By HANS DUVEFELT
I have known doctors that cultivated a dependence among their patients by suggesting their health and safety depended on regularly scheduled visits and laboratory testing for what seemed to me stable, chronic conditions. People would come in every three months, year after year, to review cholesterol numbers, potassium levels and glucose or blood pressure logs and have a more or less complete physical exam every time. Patients would also get scheduled for rechecks of ear infections and other simple conditions I always thought patients can assess themselves.
Compare the effort on the part of the physician with that type of practice versus seeing stable patients less often, doing more urgent care, and being more available for new patients. The first approach seems comfortable, possibly complacent, and the second more demanding, but also more satisfying, at least to me. My goal is always to make my patients as independent and self sufficient as they can be.
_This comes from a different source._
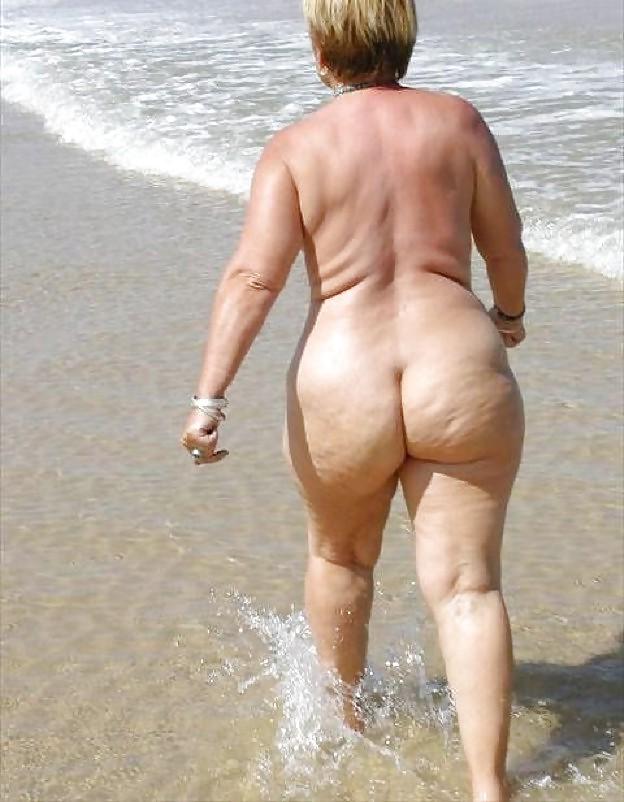 25P BIG Round & FAT Asses Outdoors! #4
I don’t want them to be dependent on me in an unhealthy way.
It is a matter of temperament, but it is also a matter of stewardship and resource management if we see ourselves as serving the populations and communities around us.
Maybe it is because of my Swedish upbringing and education, but I would feel guilty if sick patients or even relatively healthy people don’t even have access to a personal physician if I were to spend my days over-monitoring stable conditions.
In this medically underserved state, don’t we have a responsibility to consider whether we are getting too comfortable in our chronic care routines? Patients check their own blood pressures and glucose levels. They could get in touch if their numbers worsen. Do we really need to bring them in to make sure they don’t stray when there are people in our communities without access to care?
I sometimes actually use the phrase “I don’t babysit”. I don’t necessarily use the word “empower”, but that is what I always try to do with my patients.
I admit that it doesn’t always work when I ask a patient to let me know if their home blood pressure drifts above 140 or their weight goes up by 5 lbs. But this is where I think we all, providers, clinics and healthcare organizations, can utilize support staff. Someone other than the physician could reach out to patients for followup information instead of hauling them in just to establish they’re on track. We obviously need to do that with complex or very ill patients, but it is inefficient and sometimes unhealthy to do that with every patient taking medications for relatively benign conditions.
It is easy to feel responsible for our patients if our prescriptions cause harm or even carry great risk, but this is (still) a (mostly) free country and every patient has choices to make every day that we have no control over. We can’t be there, watching their every move. We know people don’t always take their medications or follow our advice. We might make them more compliant by seeing them more and more often or by instilling fear in them or insisting they let us assume all responsibility for their disease.
But that amounts to an unhealthy doctor-patient relationship, undeserving of a civilized and free society.